だがそこに至るまでには、血と汗と涙の努力がありました。深夜にもできるバナナの積み込みのバイトを毎日こなして、海外に飛べる資金が貯まったら戦場に入り写真を撮る。そしてまた日本に返ってきたらお金を貯めるために、ひたすらバナナの積み込みを。

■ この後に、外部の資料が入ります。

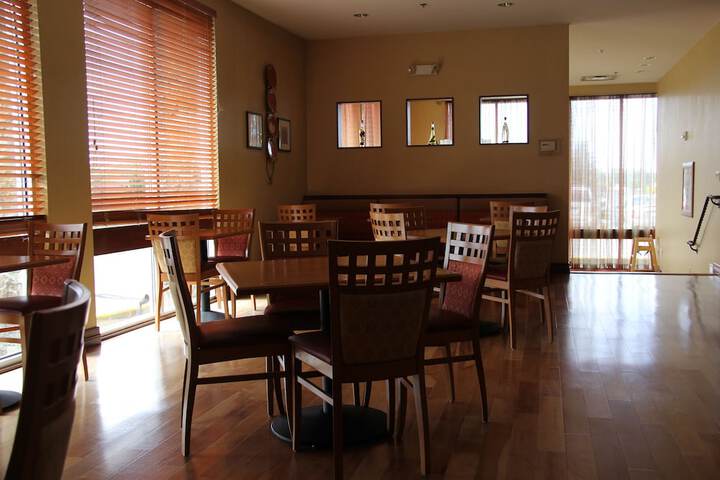 Breakfast/Coffee Service 16 of 29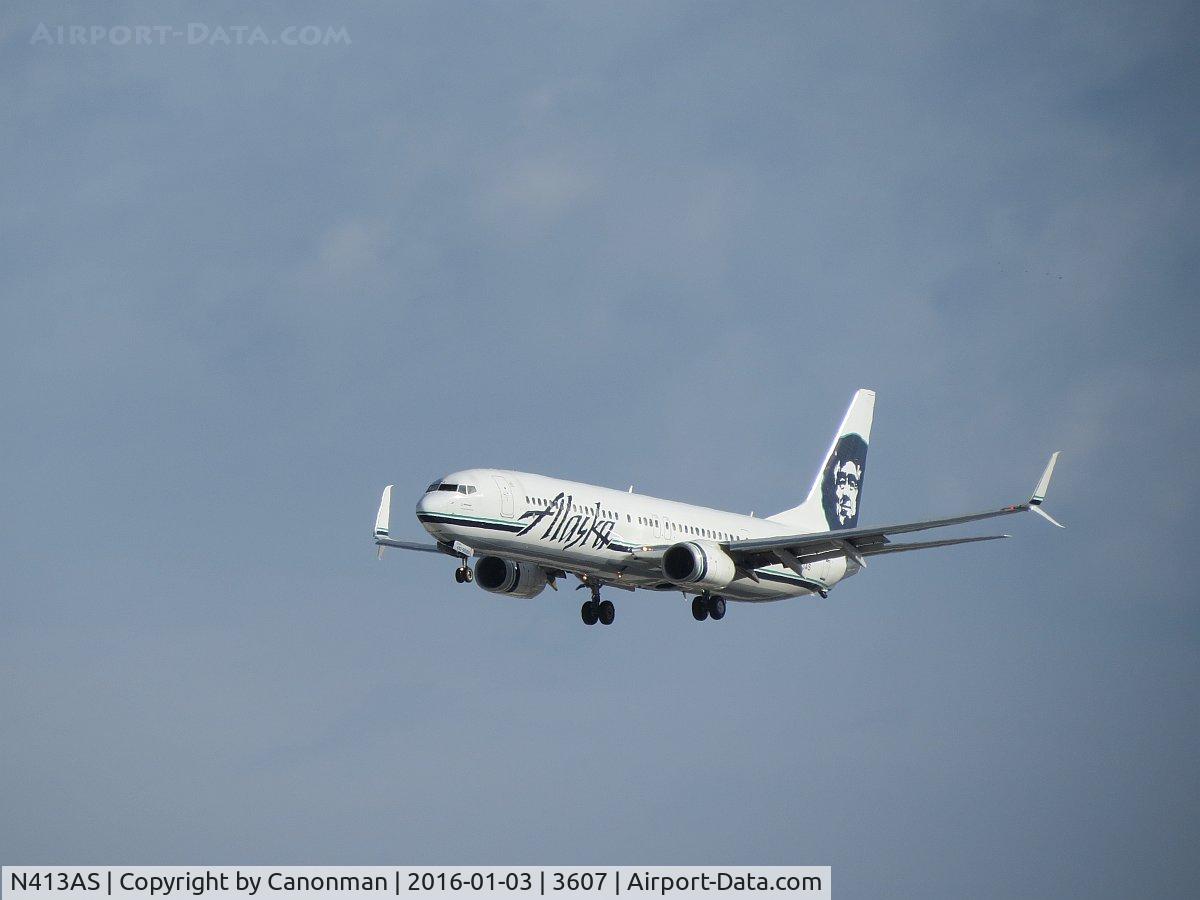 N413AS, 2013 Boeing 737-900/ER C/N 35205, Landing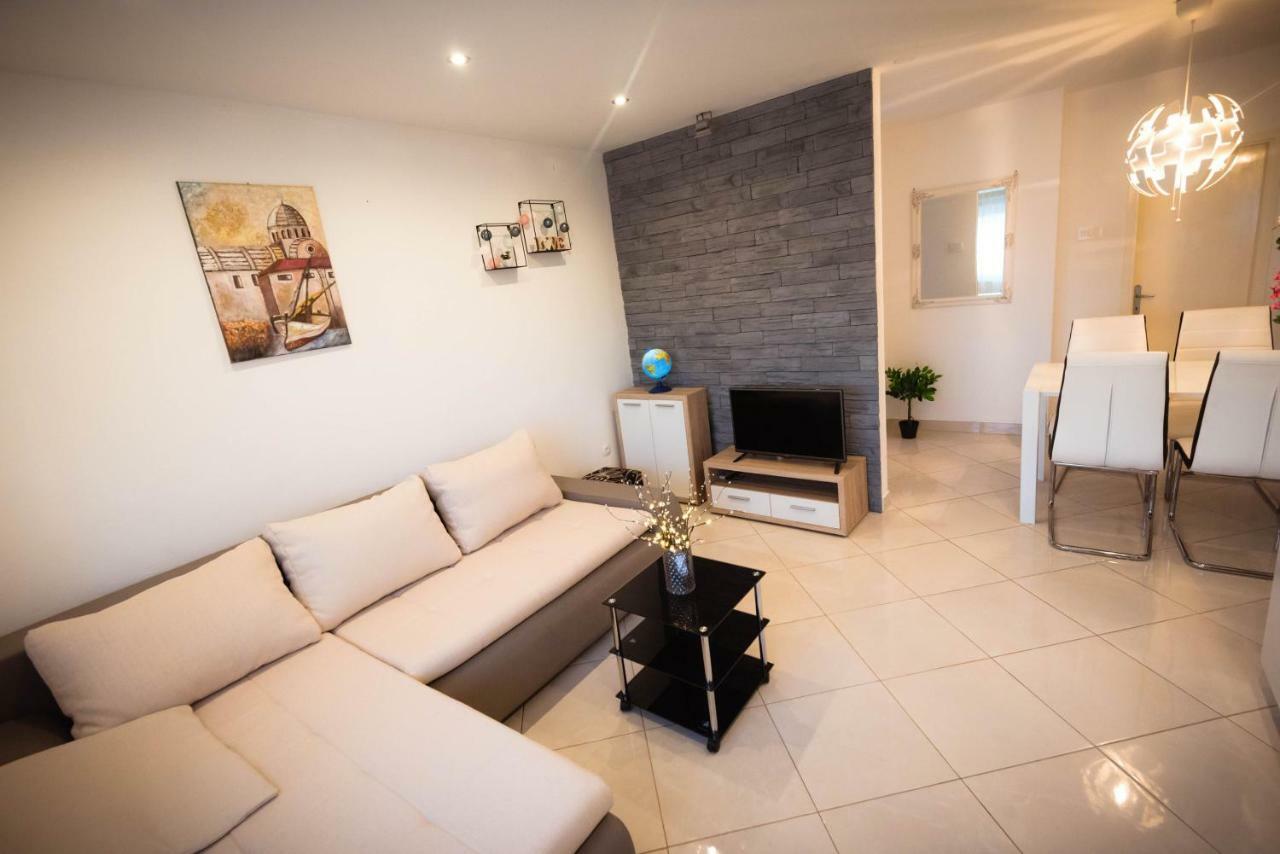 Apartments Nakic Sibenik Ngoại thất bức ảnh
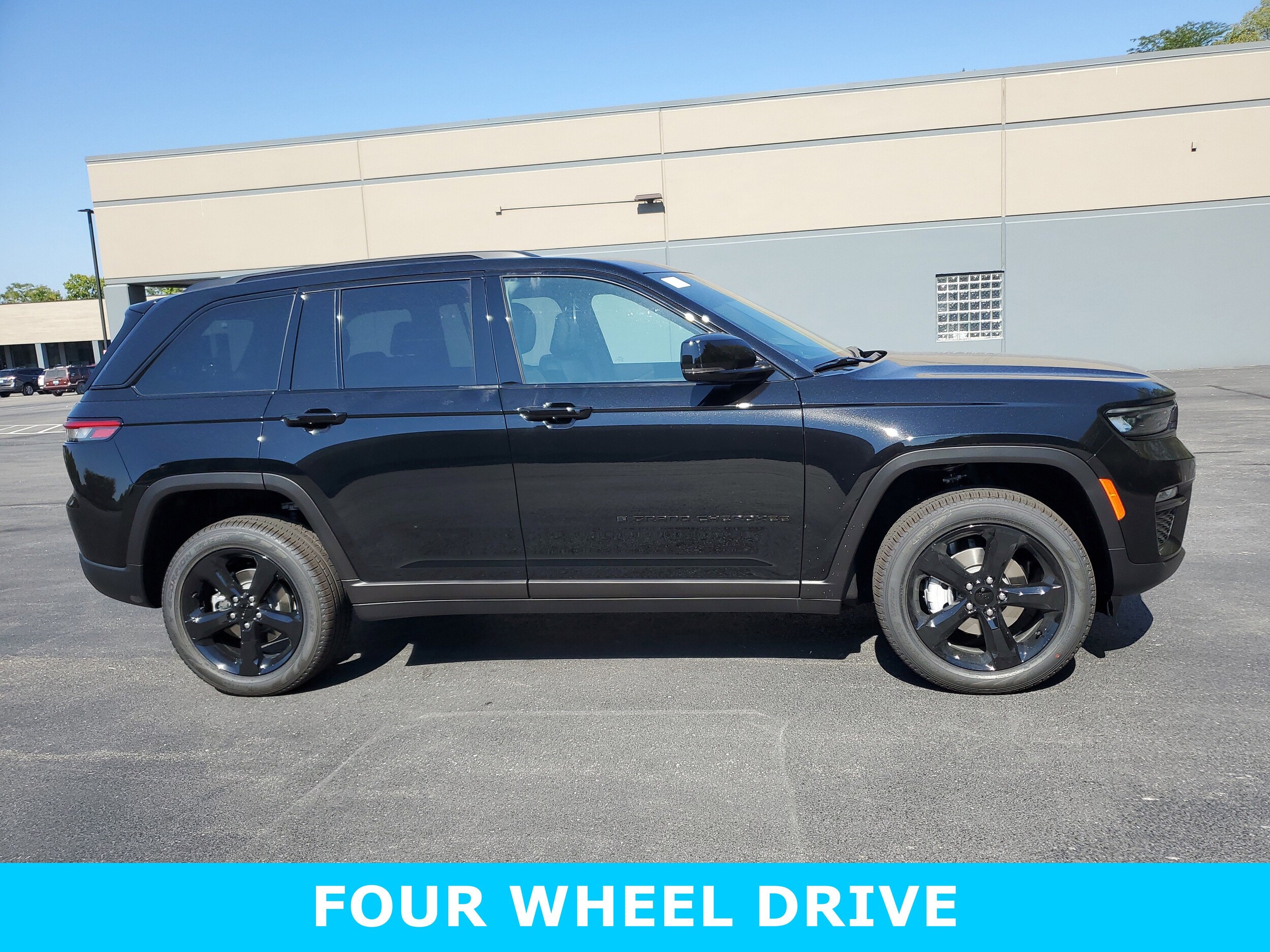 2025 Jeep Grand Cherokee Limited photo 3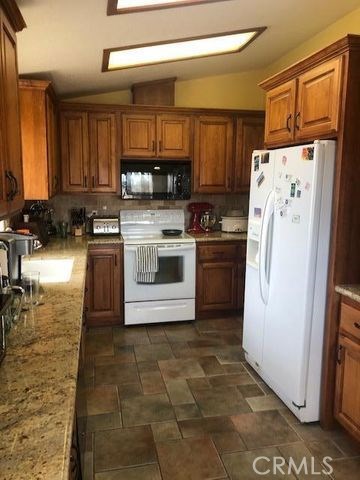 3 Bed Home for Sale in Mojave, California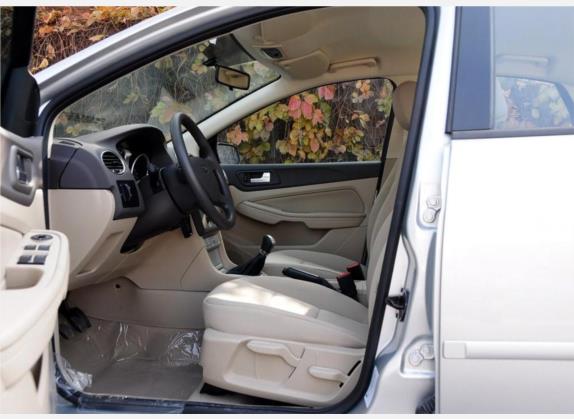 福克斯 2009款 三厢 1.8L 手动舒适型 车厢座椅   前排空间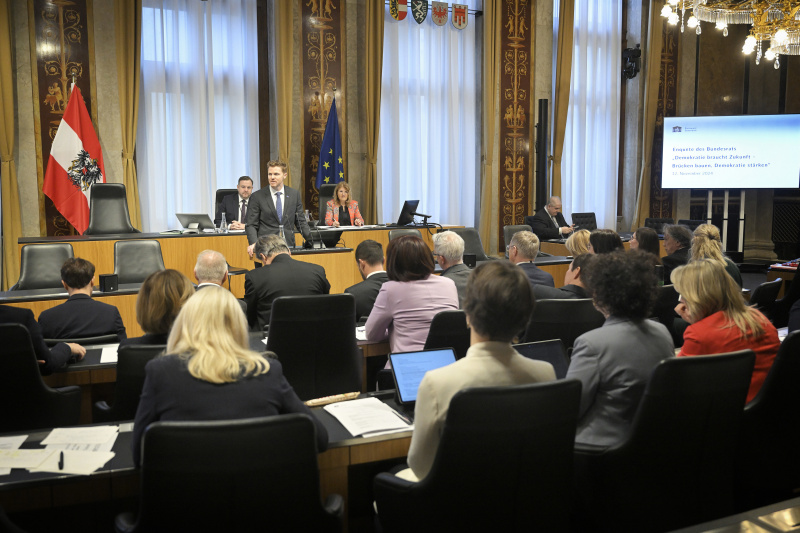 Vertreter der Europäischen Kommission Christian Wigand. Blick Richtung Veranstaltungsteilnehmer:innen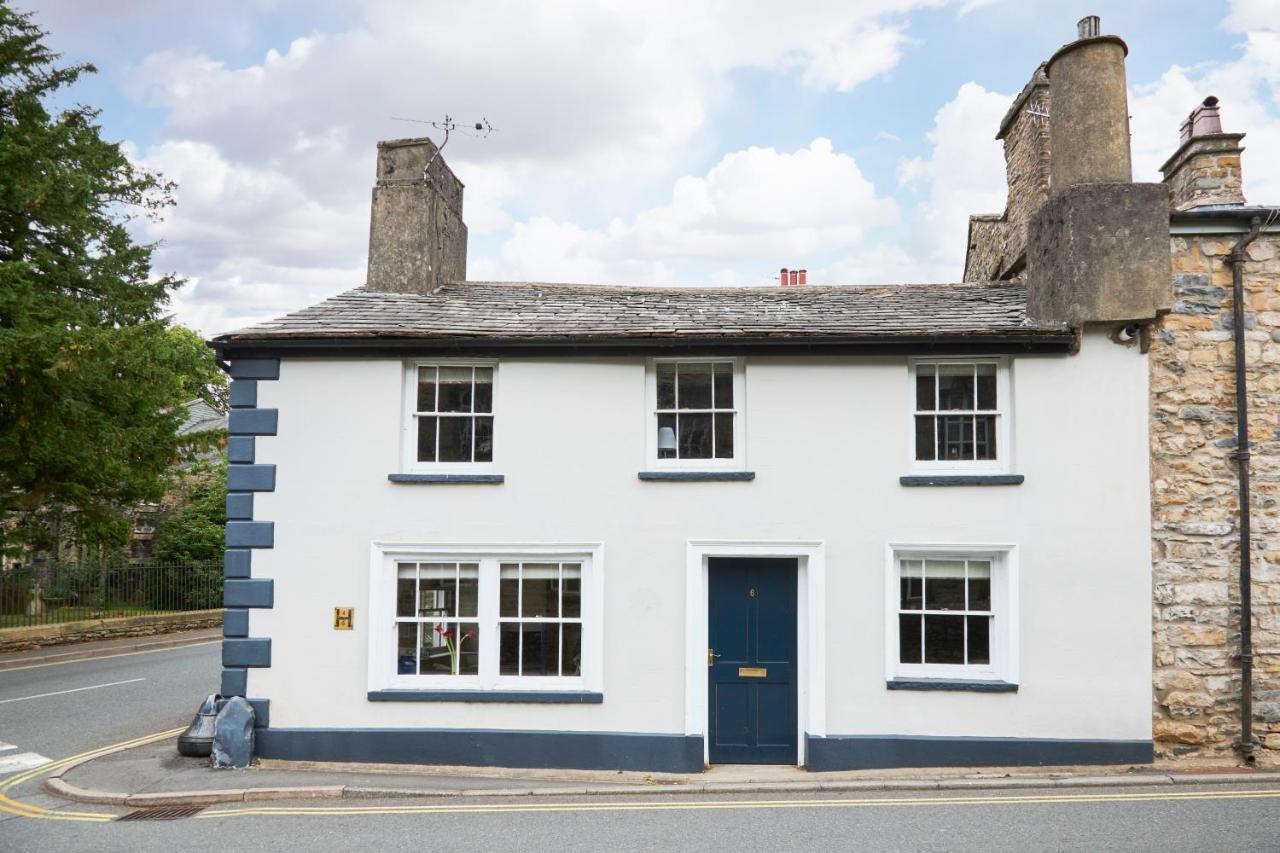 The Dalesman Country Inn Sedbergh Exterior photo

地道な努力を「石の上にも15年」コツコツと積み重ねるやり方です。
戦場という地上で最もエクストリームなフィールドで写真を撮る為に、どのように準備をし、どのように現場に入り、どのように生きて還ってくるのか。安全に良い取材をするには”良いチームを編成することから”だと書かれています。宗教・人種、まるでハリウッド映画のようなバランスで、人員を配することで生存可能性は上がる。そのような実践的な内容も書かれています。アフリカのジャングルを一週間かけて抜けて、仲間に裏切られ、機材も何もかも盗まれ、マラリアにかかるエピソードも。
そのようなハードな取材を繰り返す中で、結婚し、子供ができて、撮る写真も変わっていく。イラクやシリアで生きる家族や子どもたちのことをより深く考えるようになり、彼らの笑顔を取り戻す為に動くようになる。
後半はジャーナリスト先輩方との対談形式となっていますが、その中で共通して語られることが「喋り方も仕事の姿勢も、メディアに出てもずっと変わらない」ということ。
また、渡部さんは言葉を大切にされる方なんだということもわかりました。読書家でもあり、フィールドには必ずノートを持っていって、その時の気持ちや状況を日記のように記し続けているそうです。
写真にも自分にも絶対に嘘はつかず、真摯に現実と向き合い続けてきた渡部陽一さんの伝記的一冊。
東京に生きるカメラマンの僕が、僕たちが、どんなにヌルい環境にいるのか改めて思い知らされました。
戦場のような現場もあるかもしれないけれど、実際の戦場じゃないんだからもっとやれる、まだまだやれる。
姿勢を正されたような気持ちです。